Another ISCA strategy is called the "Trojan Cow." This works by treating cattle and goats with a formulation that makes the livestock smell like people to mosquitoes. The odor entices malaria-carrying mosquitos to bite these animals, which are immune to the disease. A deworming medication in the cattle then kills the mosquitoes.
Mafra-Neto also will present on a sprayable attract-and-kill product called Vectrax that mimics the sweet smell of nectar that mosquitoes feed upon. This lures adult mosquitoes to a small quantity of insecticide that, upon being ingested, kills them without harming other wildlife, including bees and other pollinators. Since female mosquitoes must feed on nectar several times before seeking blood, Vectrax can eliminate them before they have the chance bite people, and spread diseases, such as malaria. However, unlike most other attractants, Vectrax also attracts and has effect on male mosquitoes, potentially doubling its efficacy. Large fields trials are now ongoing in the Muheza district of Tanzania, a region hit hard by endemic malaria.

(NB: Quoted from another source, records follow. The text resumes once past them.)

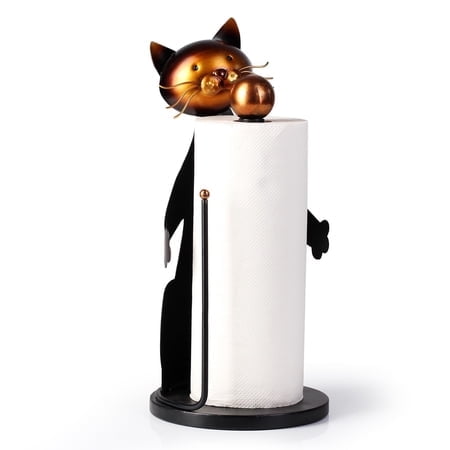 Support pour Essuie-Tout Chat de Comptoir Style Ferme Support pour Essuie-Tout Support pour Rouleau de Cuisine Organiser Porte-Essuie-Tout pour Cuisine Table à Manger Déco Maison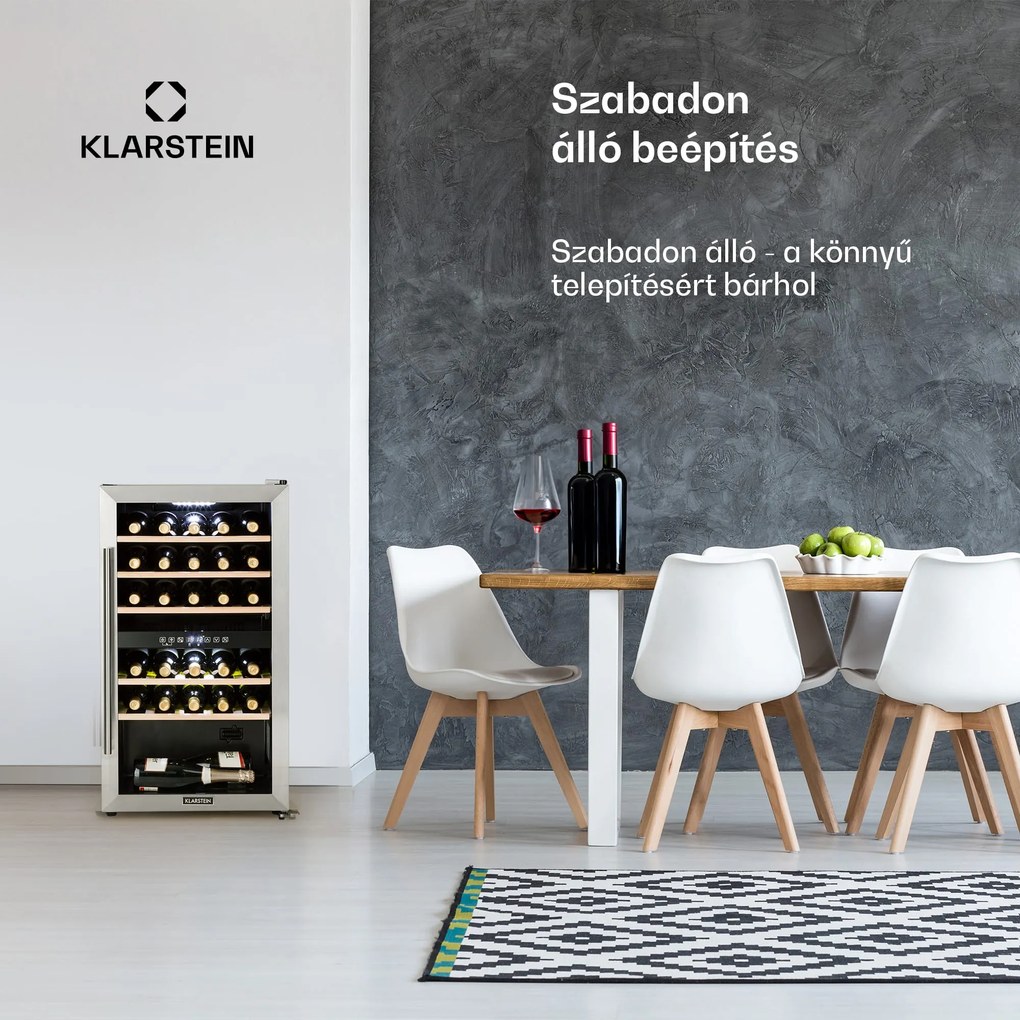Klarstein Vinamour 29D, borhűtő, 2 zóna, 80 liter, 29 palack, 5 - 22 °C, érintésvezérlés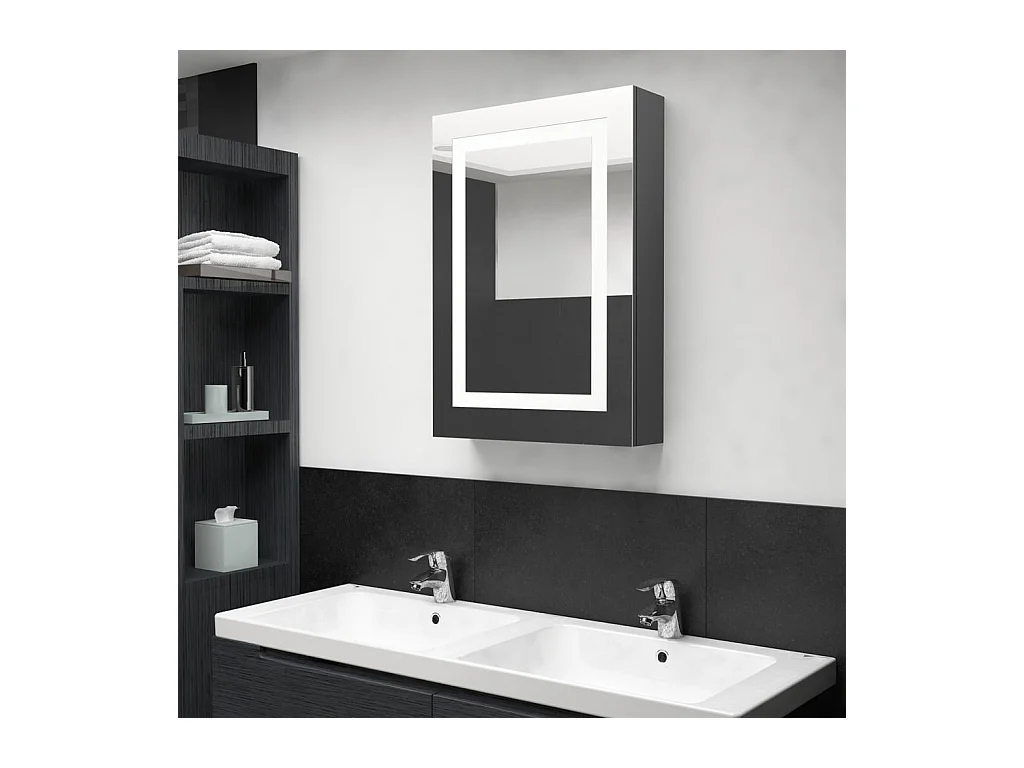 Armoire de salle de bain à miroir LED Gris 50x13x70 cm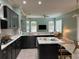 Open-concept kitchen with dark cabinets, quartz countertops, stainless steel appliances, and seamless flow to the living area at 29042 Rivergate Run, Wesley Chapel, FL 33543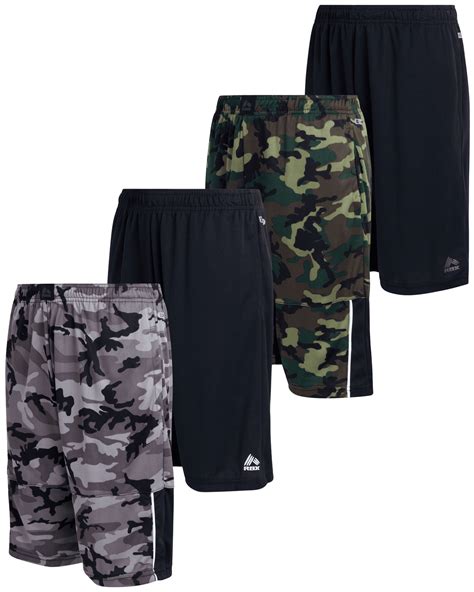 RBX Boys’ Active Shorts – 4 Pack Athletic Performance Basketball Shorts ...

Closer to home, deer ticks common in North America spread Lyme disease and other pathogens. So ISCA is developing a technology, SPLAT TK, that employs an attract-and-kill strategy similar to Vectrax. Using a blend of deer tick pheromones, it attracts ticks to a very small but still highly effective amount of pesticide. By attracting the ticks to small isolated point sources of pesticide, this attract-and-kill strategy stands to dramatically reduce the volume of pesticides used to control ticks, making for far safer controls in backyards, near schools, parks, trails and sensitive wildlife habitats.